**Task directions**
Transcribe the listing exactly, skipping every picture.

**Data supplied**

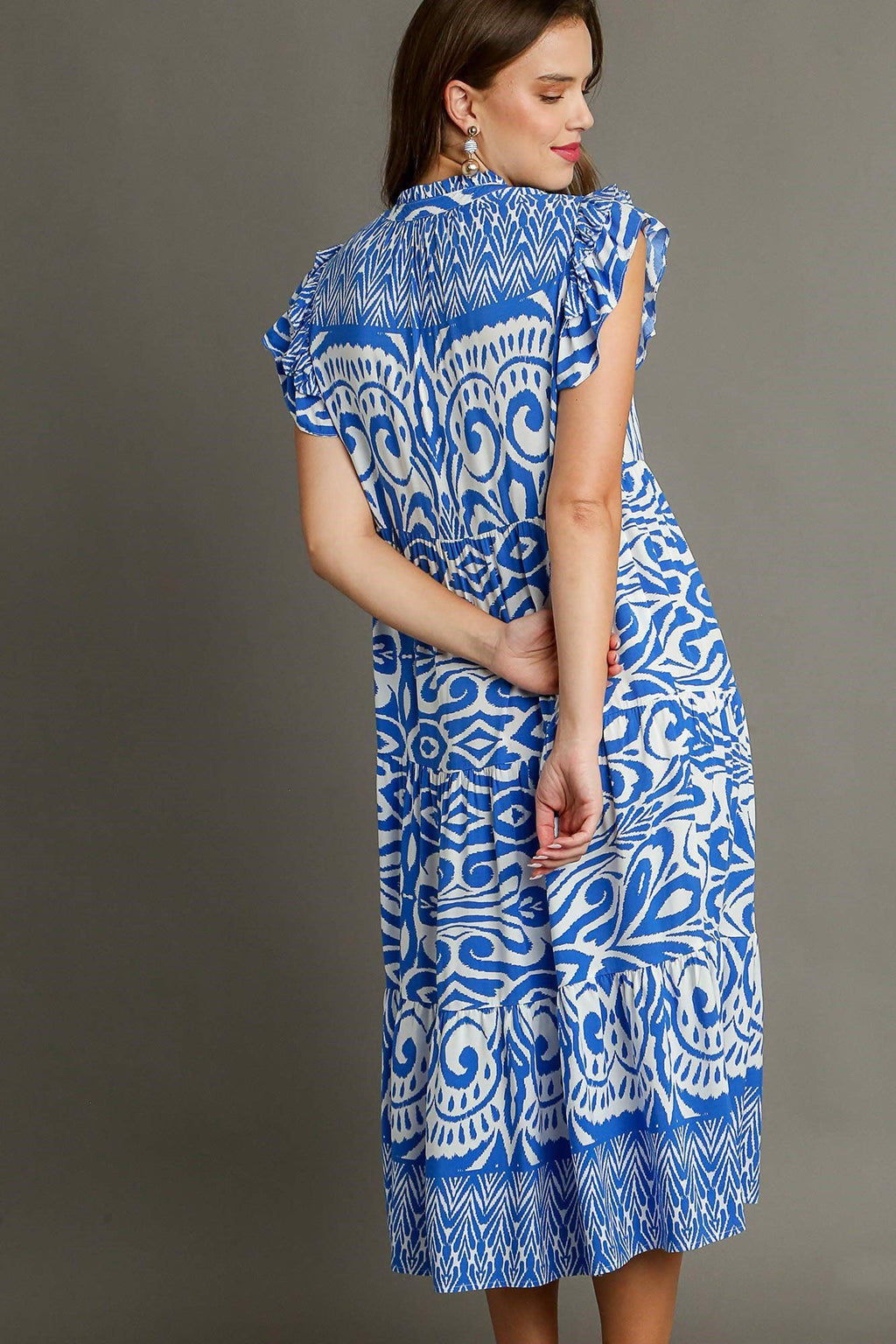 Blue Full Size Two-Tone Print Ruffle Cap Sleeve Midi Dress Plus Size Statement Piece Dress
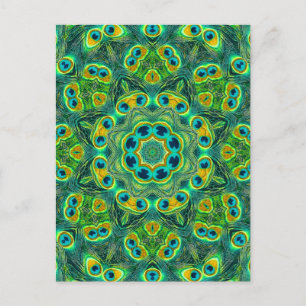PEACOCK KALEIDOSCOPE POSTCARD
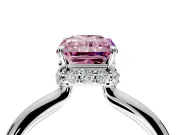 Hidden Halo Engagement Ring Setting for Fancy Pink Radiant Cut Center with Plain Rounded Band and Prong Head in Platinum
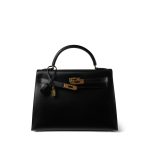 Kelly 32 Black Box Calfskin Gold Plated (A) Stamp - Image 13
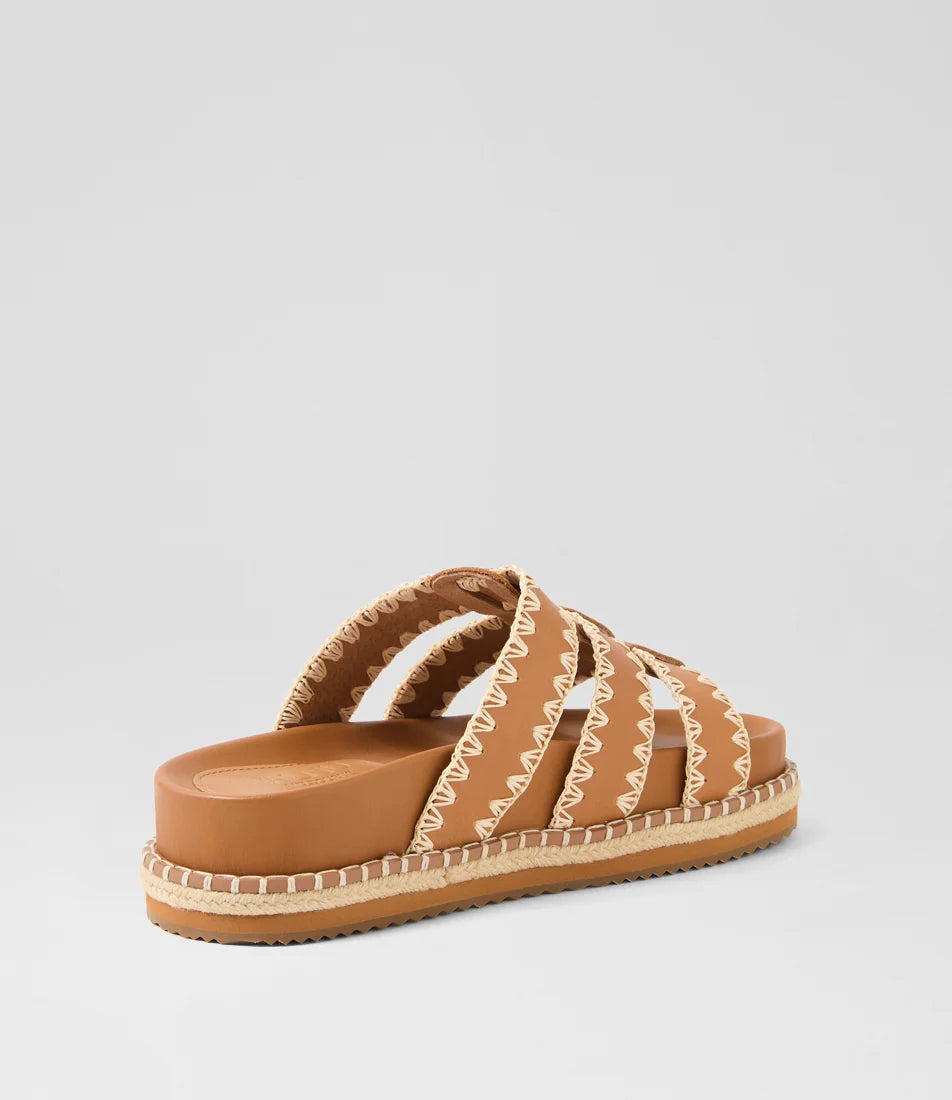 Walnut Melbourne - Iva Leather Slide - Coconut Tan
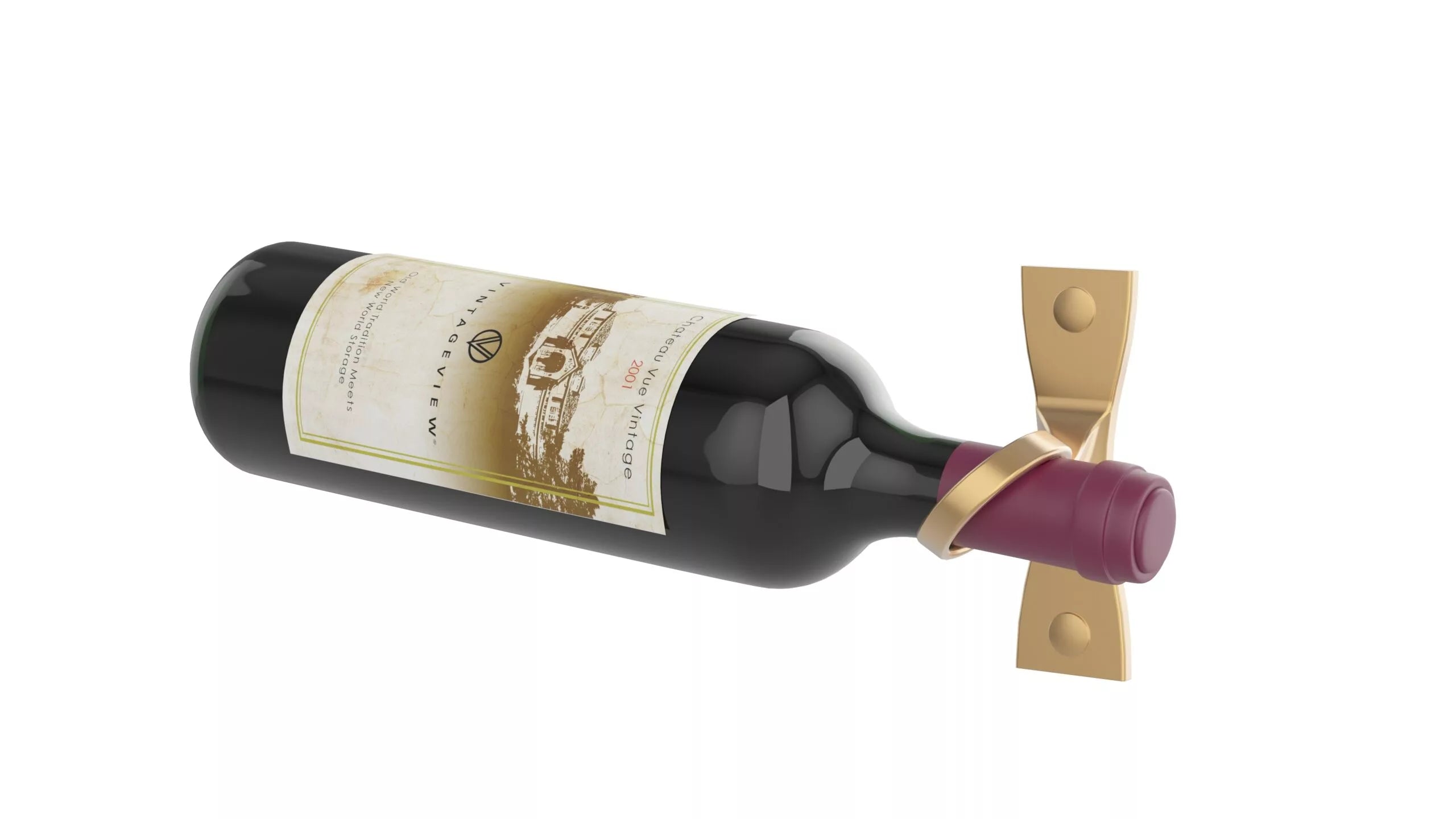 R Series Helix Single 5 (minimalist wall mounted metal wine rack)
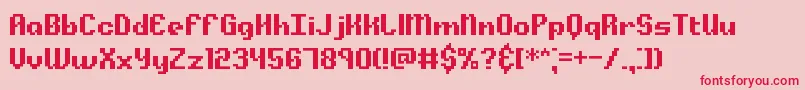 フォントAlphbeta – ピンクの背景に赤い文字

**Reply to the task**
 Blue Full Size Two-Tone Print Ruffle Cap Sleeve Midi Dress Plus Size Statement Piece Dress
PEACOCK KALEIDOSCOPE POSTCARD
 Hidden Halo Engagement Ring Setting for Fancy Pink Radiant Cut Center with Plain Rounded Band and Prong Head in Platinum
 Kelly 32 Black Box Calfskin Gold Plated (A) Stamp - Image 13
 Walnut Melbourne - Iva Leather Slide - Coconut Tan
 R Series Helix Single 5 (minimalist wall mounted metal wine rack)
 フォントAlphbeta – ピンクの背景に赤い文字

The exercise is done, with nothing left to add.